A version of this article was originally published in The Daily Brief, our Maine politics newsletter. Sign up here for daily news and insight from politics editor Michael Shepherd.
Changes to Maine’s gun laws seemed likely after 34-year-old Joseph M. Eaton was arrested after a random April shooting on Interstate 95 in Yarmouth and the preceding killings of his parents and two of their friends in a Bowdoin home roughly 25 miles away.
But the package has not come forward in the waning days of the Legislature, which is trying to wrap up its work in the next two weeks or so amid a wider debate over gun control will be settled by Democrats, including Gov. Janet Mills, who has opposed stricter measures.
The context: The day after Maine’s deadliest shooting in decades, David Trahan, the executive director of the gun-rights Sportsman’s Alliance of Maine, detailed talks with Mills over a consensus package of reforms.
They would likely include a state law banning “straw” purchases of firearms on behalf of people like Eaton who are barred as felons from having them, as well as more resources for the state’s “yellow flag” weapons restriction law. It was expected to come in a new omnibus bill from Mills.
Trahan said he believes those reforms could go forward now, but that the issue is being intertwined with talks among more progressive Democrats about further-reaching gun control policies that Mills and his group have opposed.
“I think we’re just now caught in the end-of-session, controversial, going-back-and-forth bartering that happens every year,” Trahan, a former Republican lawmaker, said.
Leading Democrats have been tight-lipped on these negotiations.

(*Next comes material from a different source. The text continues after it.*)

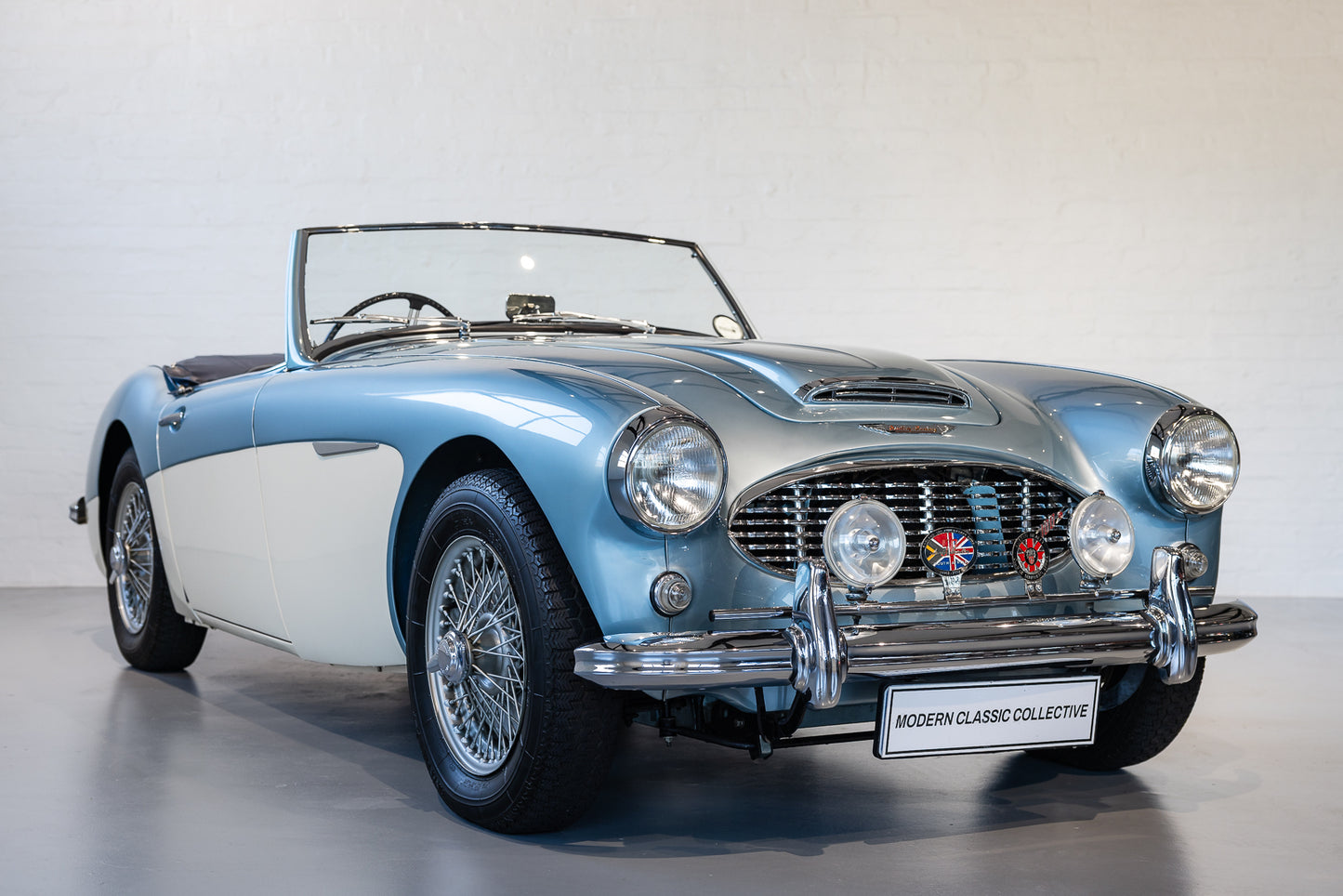 1959 Austin Healey BN4 100-6 (3.0) - 52 216 miles showing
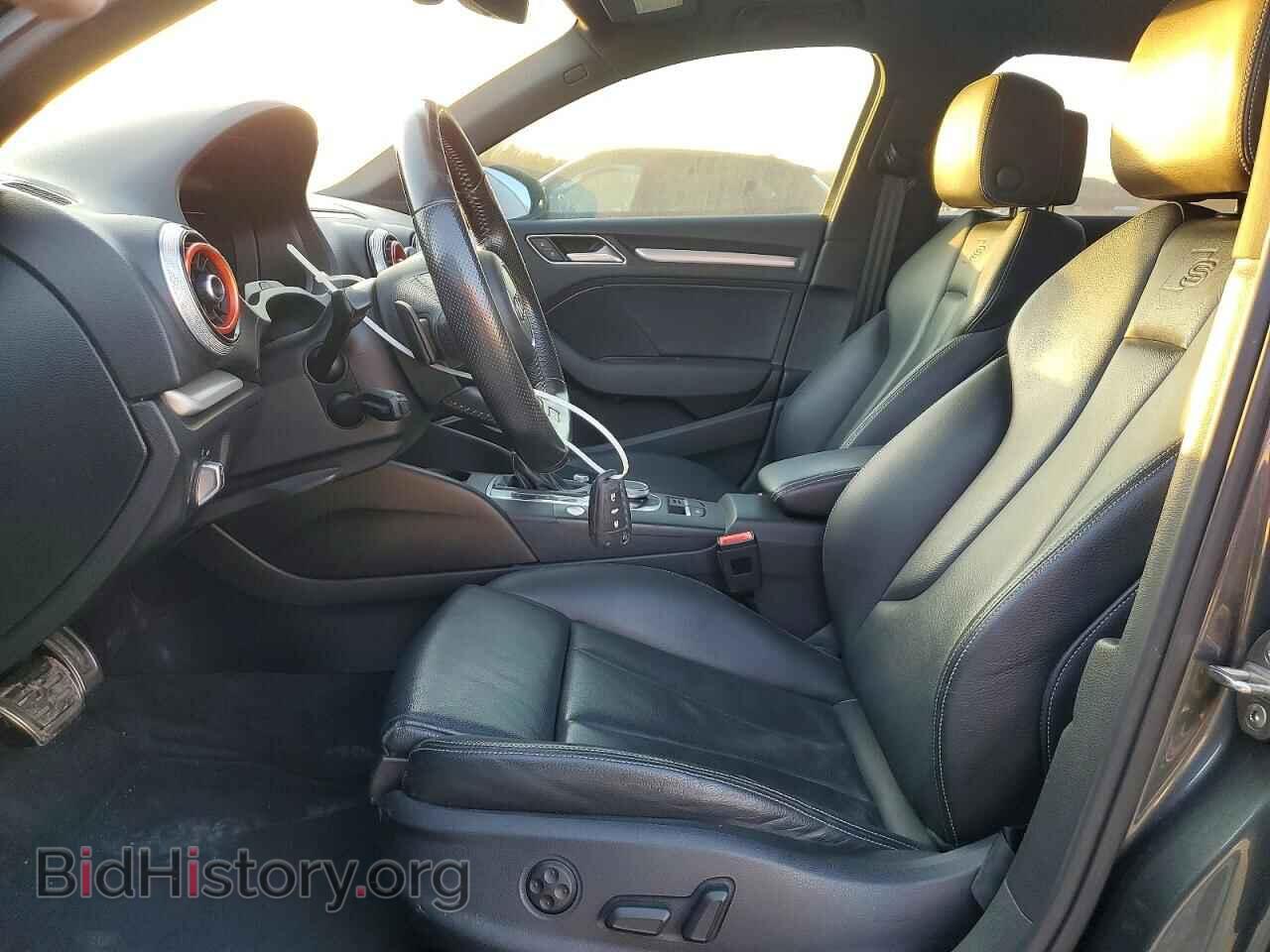 2017 AUDI S3 - VIN: WAUB1GFF7H1063786 - Фото 7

A Mills spokesperson said last week that the administration is “hopeful that we can put forward a bill that can garner bipartisan support and take continued meaningful action to protect public safety,” and a spokesperson for House Speaker Rachel Talbot Ross, D-Portland, did not respond to a request for comment.
Political tension: Talbot Ross is the leader of the Legislature’s progressive wing, and she has put forward perhaps the biggest gun-control measure of the year here that would require background checks on private sales and transfers of firearms.
Democrats voted that change out of committee alongside a 72-hour waiting period and other changes, even though Mills has opposed background check expansions citing Maine’s 2016 vote against the idea. Her stance and her alliance with Trahan’s group has been politically powerful in Augusta, inking the yellow flag law and keeping a cap on gun control.
What’s next: Those sweeping reforms are likely to get their floor votes sometime soon, but it is unclear if they will pass. There is a standalone straw purchase ban that won Republican support and could go through as well.
Supporters of those gun-control ideas are coming to the State House on Tuesday to lobby lawmakers ahead of initial votes. Lynn Ellis, the legislative director for the Maine Gun Safety Coalition, said while it has not had all the details of the alliance’s negotiations with the governor, it supports the straw purchase ban and could support other elements as well.
“At the same time, where we can’t seem to come to consensus is on background checks and a 72-hour waiting period,” she said.
On the other side of the debate, Trahan said he has general agreement with the Mills administration on straw purchases and other changes. He also wants to more directly address situations like Eaton’s with a bill likely to come next year that would require probation-type checks on homes that violent felons released from prison are going to stay in.
“We can do better when we’re releasing dangerous people into society,” he said.